> _Required action_: Starting at the line that contains "Gwalior News" and stopping after the line that contains "Read The Darwin", transcribe the listing below exactly; do not include any pictures.
:: Exercise material
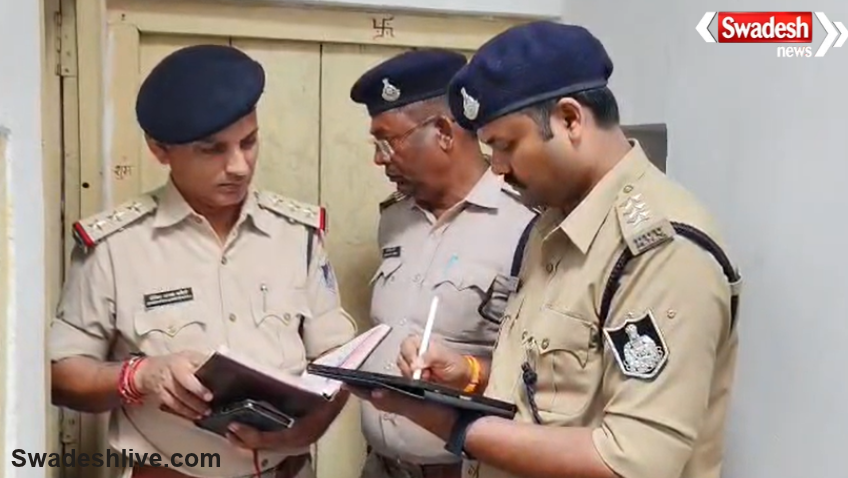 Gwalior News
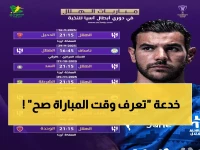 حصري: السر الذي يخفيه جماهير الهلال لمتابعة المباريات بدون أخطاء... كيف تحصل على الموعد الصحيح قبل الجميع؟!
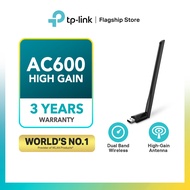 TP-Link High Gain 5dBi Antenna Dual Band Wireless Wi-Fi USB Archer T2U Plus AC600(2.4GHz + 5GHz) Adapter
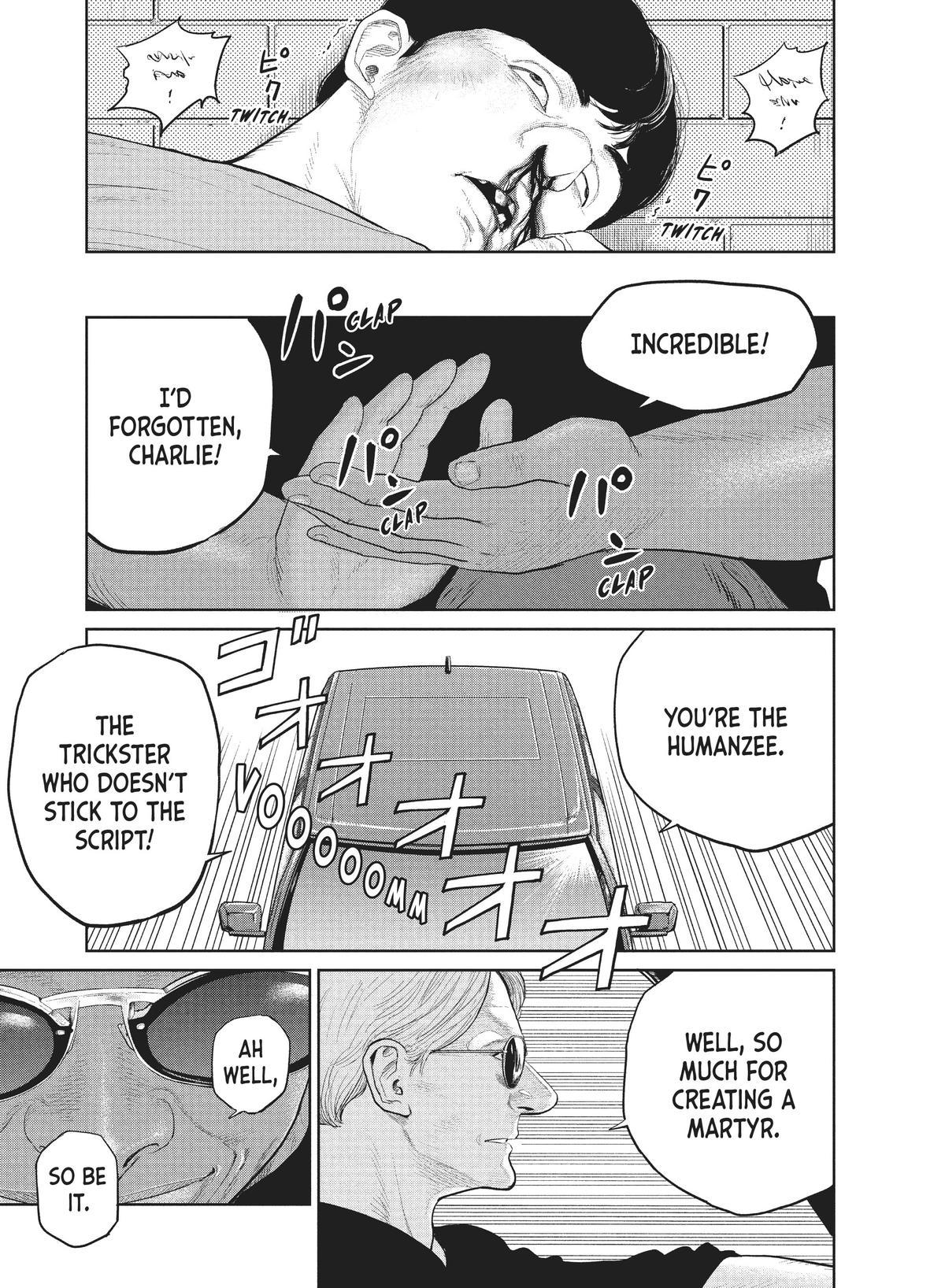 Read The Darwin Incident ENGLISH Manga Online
::::
:: Exercise material
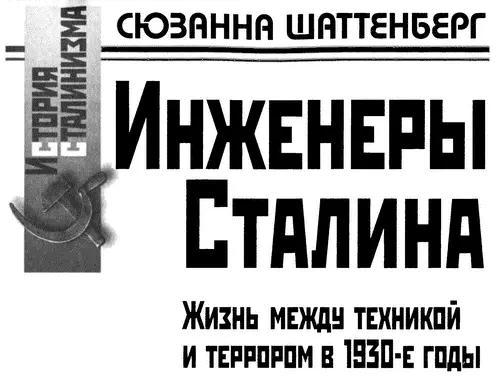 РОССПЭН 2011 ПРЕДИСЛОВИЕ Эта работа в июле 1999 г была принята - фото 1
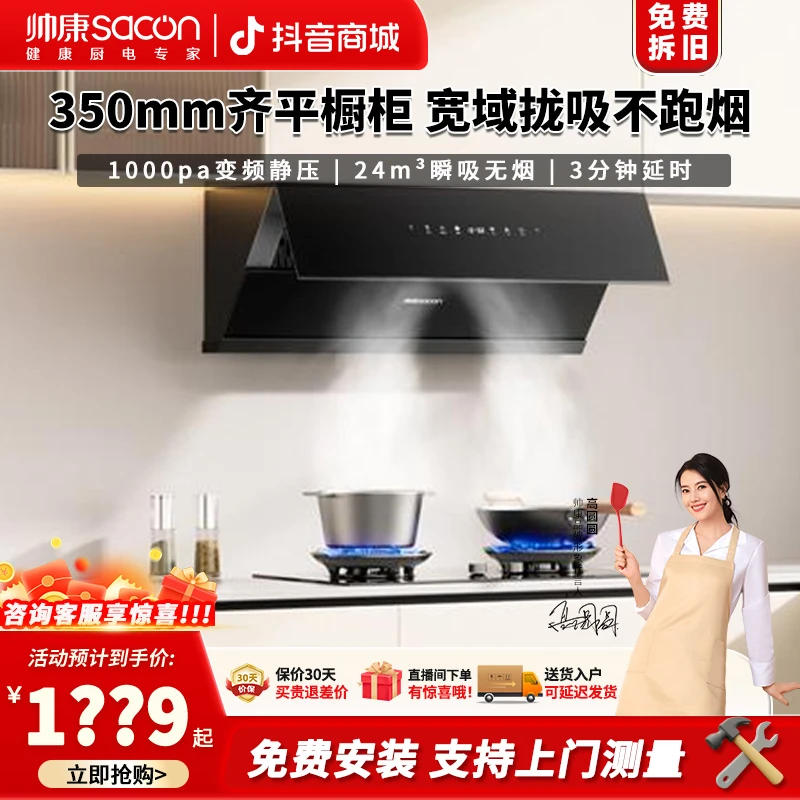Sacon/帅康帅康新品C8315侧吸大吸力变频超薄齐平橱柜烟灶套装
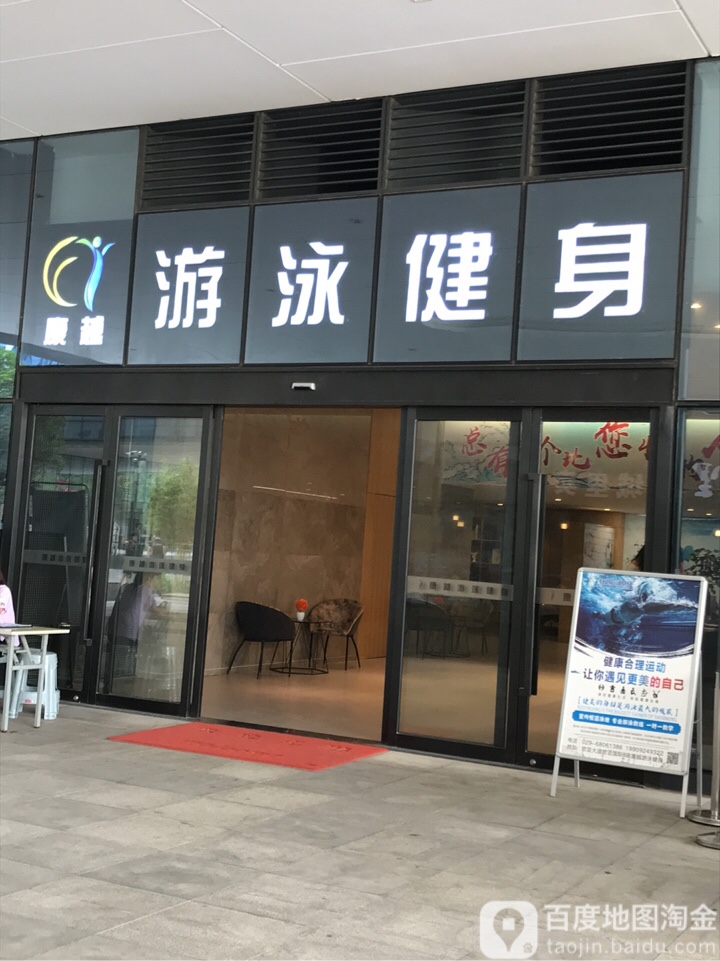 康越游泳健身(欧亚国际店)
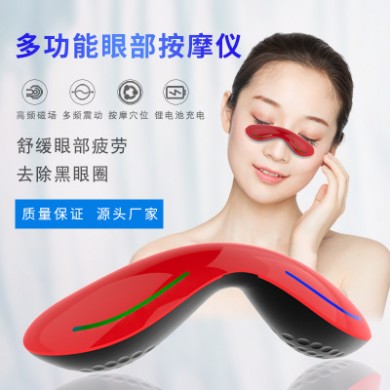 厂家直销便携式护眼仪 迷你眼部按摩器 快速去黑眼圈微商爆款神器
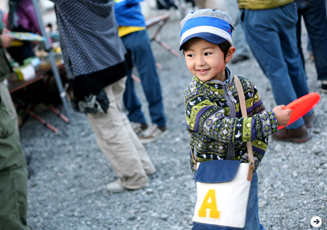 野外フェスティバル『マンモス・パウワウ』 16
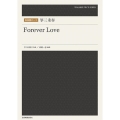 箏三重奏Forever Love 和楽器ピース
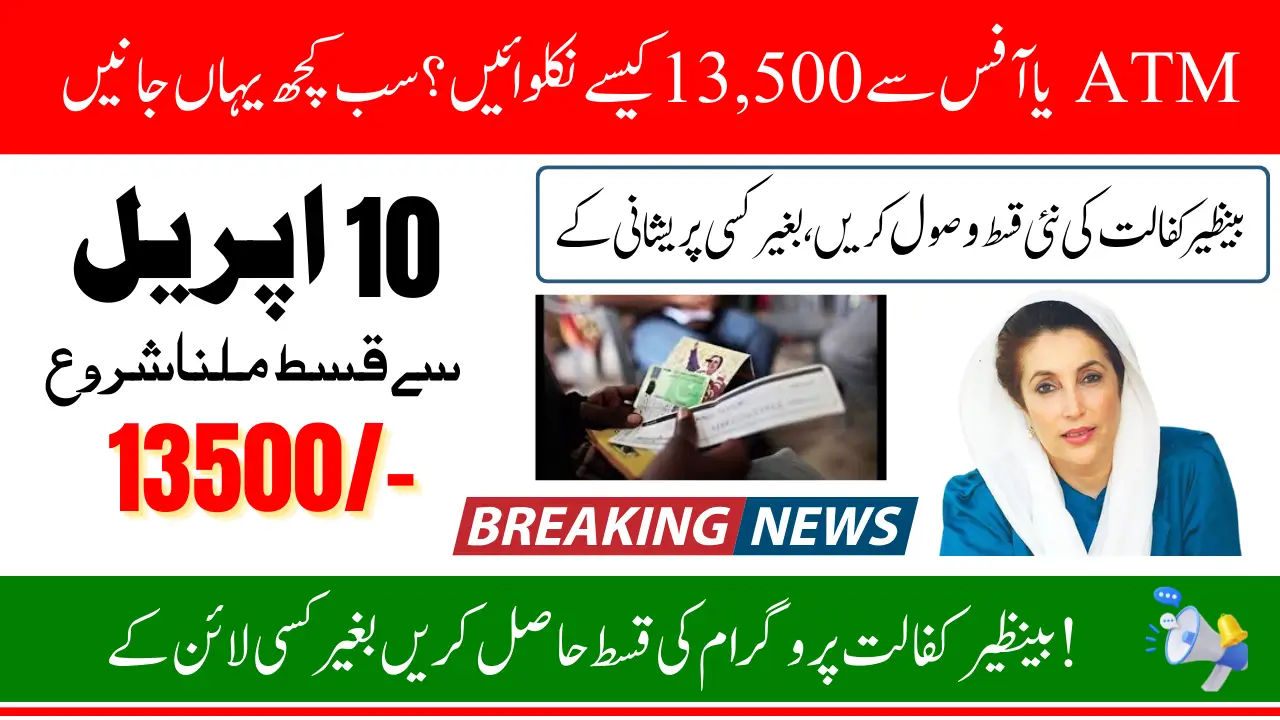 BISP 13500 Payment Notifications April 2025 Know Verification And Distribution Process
::::
> _Output_:
 Gwalior News
 حصري: السر الذي يخفيه جماهير الهلال لمتابعة المباريات بدون أخطاء... كيف تحصل على الموعد الصحيح قبل الجميع؟!
 TP-Link High Gain 5dBi Antenna Dual Band Wireless Wi-Fi USB Archer T2U Plus AC600(2.4GHz + 5GHz) Adapter
 Read The Darwin Incident ENGLISH Manga Online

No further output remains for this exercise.